───── STUDY MATERIAL

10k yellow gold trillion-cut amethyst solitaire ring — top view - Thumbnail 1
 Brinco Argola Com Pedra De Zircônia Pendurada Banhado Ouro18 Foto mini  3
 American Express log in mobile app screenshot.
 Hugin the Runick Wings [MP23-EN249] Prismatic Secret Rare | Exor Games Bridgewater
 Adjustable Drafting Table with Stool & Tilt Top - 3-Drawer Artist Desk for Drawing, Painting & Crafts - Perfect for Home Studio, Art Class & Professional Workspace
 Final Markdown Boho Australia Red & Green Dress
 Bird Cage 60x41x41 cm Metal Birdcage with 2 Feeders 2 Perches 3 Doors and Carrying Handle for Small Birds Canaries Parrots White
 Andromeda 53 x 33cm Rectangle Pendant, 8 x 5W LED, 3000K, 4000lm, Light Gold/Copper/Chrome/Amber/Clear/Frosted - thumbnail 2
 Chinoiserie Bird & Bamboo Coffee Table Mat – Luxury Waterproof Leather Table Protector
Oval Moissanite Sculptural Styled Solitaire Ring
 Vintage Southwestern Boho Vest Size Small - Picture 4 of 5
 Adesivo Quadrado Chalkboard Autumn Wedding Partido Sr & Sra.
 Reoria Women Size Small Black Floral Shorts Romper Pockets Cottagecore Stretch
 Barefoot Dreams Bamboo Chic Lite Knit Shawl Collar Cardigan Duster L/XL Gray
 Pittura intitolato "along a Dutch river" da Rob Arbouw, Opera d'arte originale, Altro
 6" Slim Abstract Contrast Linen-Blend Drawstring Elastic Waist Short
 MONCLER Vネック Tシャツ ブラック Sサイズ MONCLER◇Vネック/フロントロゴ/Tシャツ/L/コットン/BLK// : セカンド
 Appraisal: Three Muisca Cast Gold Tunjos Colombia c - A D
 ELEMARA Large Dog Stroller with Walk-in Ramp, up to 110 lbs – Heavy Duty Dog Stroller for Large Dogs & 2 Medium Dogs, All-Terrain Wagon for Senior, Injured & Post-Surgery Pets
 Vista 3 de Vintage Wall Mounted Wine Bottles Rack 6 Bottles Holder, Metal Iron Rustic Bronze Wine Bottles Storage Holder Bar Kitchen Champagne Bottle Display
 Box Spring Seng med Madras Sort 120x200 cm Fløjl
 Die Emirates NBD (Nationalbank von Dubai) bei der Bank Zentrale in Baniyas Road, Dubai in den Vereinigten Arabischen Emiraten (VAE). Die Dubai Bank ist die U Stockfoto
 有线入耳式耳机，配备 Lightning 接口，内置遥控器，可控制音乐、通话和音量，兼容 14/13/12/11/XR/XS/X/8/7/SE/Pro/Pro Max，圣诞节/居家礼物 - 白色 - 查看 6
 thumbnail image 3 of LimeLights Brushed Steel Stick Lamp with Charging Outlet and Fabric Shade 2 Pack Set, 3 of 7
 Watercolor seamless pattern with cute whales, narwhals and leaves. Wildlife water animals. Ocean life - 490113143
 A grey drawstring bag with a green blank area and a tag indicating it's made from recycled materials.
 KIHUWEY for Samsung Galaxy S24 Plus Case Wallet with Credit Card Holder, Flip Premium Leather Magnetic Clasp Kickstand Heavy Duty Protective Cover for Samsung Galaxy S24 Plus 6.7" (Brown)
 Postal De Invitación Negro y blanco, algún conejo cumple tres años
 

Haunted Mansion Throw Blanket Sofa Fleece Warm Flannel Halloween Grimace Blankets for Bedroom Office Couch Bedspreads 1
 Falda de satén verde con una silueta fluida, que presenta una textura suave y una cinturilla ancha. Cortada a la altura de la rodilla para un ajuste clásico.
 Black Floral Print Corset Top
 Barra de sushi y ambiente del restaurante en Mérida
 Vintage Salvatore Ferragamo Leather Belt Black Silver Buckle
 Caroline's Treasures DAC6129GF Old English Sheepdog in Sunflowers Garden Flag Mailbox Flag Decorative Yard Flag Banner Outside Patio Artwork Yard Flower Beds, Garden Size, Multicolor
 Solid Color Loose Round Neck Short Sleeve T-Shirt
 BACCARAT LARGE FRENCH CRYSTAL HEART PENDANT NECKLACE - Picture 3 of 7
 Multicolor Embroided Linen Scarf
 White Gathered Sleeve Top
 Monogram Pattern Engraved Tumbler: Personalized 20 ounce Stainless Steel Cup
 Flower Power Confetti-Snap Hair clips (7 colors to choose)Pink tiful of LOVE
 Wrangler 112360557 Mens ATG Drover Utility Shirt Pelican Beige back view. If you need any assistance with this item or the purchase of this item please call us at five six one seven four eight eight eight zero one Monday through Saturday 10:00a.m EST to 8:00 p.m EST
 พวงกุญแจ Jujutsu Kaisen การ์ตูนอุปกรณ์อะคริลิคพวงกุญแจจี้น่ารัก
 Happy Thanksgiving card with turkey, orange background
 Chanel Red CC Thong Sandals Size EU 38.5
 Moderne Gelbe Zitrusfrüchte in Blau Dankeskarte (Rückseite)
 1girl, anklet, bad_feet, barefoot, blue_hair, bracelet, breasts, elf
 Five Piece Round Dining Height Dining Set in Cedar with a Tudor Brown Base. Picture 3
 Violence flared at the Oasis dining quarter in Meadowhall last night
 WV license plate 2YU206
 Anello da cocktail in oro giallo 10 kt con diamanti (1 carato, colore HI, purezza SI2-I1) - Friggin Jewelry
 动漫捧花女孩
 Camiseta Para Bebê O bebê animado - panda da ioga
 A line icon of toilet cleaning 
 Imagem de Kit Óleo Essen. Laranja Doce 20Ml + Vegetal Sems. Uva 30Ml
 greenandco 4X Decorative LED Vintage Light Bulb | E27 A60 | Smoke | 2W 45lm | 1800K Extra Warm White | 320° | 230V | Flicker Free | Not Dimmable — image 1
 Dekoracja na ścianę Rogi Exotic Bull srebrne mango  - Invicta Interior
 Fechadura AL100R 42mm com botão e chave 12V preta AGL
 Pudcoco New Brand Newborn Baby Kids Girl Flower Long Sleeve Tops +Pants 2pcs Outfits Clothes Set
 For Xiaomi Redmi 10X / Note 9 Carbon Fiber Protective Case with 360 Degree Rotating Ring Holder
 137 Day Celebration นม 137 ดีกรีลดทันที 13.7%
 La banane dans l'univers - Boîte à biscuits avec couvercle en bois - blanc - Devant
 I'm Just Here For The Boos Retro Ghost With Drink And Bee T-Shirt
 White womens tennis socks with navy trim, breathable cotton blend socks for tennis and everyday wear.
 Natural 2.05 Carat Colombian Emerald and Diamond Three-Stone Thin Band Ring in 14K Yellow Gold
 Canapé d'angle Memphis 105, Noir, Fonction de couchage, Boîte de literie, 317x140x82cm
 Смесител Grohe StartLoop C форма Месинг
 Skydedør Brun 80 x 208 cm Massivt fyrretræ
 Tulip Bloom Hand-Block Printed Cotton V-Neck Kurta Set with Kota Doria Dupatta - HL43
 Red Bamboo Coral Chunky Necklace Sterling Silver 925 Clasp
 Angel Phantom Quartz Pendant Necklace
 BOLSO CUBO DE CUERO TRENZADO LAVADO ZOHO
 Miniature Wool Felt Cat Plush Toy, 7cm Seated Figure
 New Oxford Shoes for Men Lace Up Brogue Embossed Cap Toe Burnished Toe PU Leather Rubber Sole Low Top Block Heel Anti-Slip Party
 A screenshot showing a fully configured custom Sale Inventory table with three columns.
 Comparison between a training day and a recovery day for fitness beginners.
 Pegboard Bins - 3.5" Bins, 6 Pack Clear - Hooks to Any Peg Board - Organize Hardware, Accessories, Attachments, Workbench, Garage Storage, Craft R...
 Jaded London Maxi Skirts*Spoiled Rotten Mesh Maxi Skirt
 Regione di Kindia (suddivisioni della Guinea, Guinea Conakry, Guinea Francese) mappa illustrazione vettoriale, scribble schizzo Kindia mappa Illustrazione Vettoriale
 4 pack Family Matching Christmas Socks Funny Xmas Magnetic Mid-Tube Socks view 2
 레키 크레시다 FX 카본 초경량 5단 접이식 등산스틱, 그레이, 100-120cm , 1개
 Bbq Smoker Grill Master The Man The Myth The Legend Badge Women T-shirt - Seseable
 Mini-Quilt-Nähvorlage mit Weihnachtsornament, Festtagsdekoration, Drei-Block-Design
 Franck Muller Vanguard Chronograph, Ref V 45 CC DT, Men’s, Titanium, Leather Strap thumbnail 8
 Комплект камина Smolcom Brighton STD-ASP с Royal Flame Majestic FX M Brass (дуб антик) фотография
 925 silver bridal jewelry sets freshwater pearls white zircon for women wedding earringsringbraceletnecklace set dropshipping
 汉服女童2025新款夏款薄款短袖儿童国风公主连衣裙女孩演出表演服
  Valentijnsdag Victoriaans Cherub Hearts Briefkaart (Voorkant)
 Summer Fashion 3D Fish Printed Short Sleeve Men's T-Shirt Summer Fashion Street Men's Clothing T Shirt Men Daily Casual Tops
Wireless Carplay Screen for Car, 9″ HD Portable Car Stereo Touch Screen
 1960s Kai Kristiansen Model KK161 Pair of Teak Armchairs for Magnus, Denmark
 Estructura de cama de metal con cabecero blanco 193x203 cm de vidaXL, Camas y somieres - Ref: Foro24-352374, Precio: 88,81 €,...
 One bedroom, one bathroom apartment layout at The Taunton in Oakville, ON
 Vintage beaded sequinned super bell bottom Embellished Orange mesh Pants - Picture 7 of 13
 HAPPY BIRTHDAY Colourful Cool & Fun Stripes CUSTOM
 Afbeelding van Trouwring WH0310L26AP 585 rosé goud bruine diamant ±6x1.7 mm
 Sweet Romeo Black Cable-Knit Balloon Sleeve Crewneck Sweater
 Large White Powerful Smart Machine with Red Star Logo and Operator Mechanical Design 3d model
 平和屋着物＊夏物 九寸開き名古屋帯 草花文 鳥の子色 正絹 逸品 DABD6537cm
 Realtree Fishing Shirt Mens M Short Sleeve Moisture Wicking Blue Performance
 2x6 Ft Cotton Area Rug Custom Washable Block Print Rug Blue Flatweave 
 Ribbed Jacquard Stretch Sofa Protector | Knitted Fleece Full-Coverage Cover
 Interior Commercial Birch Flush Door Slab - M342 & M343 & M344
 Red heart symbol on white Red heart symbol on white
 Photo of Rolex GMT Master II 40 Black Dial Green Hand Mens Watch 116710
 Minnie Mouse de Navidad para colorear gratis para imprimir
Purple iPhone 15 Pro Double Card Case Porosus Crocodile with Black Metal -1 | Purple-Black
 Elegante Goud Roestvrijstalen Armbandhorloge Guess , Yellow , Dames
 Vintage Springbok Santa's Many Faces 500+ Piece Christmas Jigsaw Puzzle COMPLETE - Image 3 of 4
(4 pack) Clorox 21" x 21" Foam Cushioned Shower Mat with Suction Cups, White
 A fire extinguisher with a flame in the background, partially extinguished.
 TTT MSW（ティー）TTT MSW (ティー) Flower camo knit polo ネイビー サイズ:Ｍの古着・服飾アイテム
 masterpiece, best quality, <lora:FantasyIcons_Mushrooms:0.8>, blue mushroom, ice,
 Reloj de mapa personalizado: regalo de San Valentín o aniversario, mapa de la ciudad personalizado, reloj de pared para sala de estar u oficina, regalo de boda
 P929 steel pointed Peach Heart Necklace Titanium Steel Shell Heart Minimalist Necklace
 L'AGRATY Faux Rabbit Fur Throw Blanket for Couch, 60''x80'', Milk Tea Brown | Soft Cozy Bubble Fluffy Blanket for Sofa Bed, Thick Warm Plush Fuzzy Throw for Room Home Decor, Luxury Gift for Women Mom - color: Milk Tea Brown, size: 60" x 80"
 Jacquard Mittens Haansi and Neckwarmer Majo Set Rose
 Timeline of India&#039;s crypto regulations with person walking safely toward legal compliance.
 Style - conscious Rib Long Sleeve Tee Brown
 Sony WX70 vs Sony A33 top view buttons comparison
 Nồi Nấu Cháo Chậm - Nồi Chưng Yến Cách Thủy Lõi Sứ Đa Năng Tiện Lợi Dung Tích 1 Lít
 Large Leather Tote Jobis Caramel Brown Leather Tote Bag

──────────

Since only part of the listing is wanted, copy exactly the lines from the one holding "Reoria Women Size" to the one holding "Box Spring Seng", both included.

REPLY ->
 Reoria Women Size Small Black Floral Shorts Romper Pockets Cottagecore Stretch
 Barefoot Dreams Bamboo Chic Lite Knit Shawl Collar Cardigan Duster L/XL Gray
 Pittura intitolato "along a Dutch river" da Rob Arbouw, Opera d'arte originale, Altro
 6" Slim Abstract Contrast Linen-Blend Drawstring Elastic Waist Short
 MONCLER Vネック Tシャツ ブラック Sサイズ MONCLER◇Vネック/フロントロゴ/Tシャツ/L/コットン/BLK// : セカンド
 Appraisal: Three Muisca Cast Gold Tunjos Colombia c - A D
 ELEMARA Large Dog Stroller with Walk-in Ramp, up to 110 lbs – Heavy Duty Dog Stroller for Large Dogs & 2 Medium Dogs, All-Terrain Wagon for Senior, Injured & Post-Surgery Pets
 Vista 3 de Vintage Wall Mounted Wine Bottles Rack 6 Bottles Holder, Metal Iron Rustic Bronze Wine Bottles Storage Holder Bar Kitchen Champagne Bottle Display
 Box Spring Seng med Madras Sort 120x200 cm Fløjl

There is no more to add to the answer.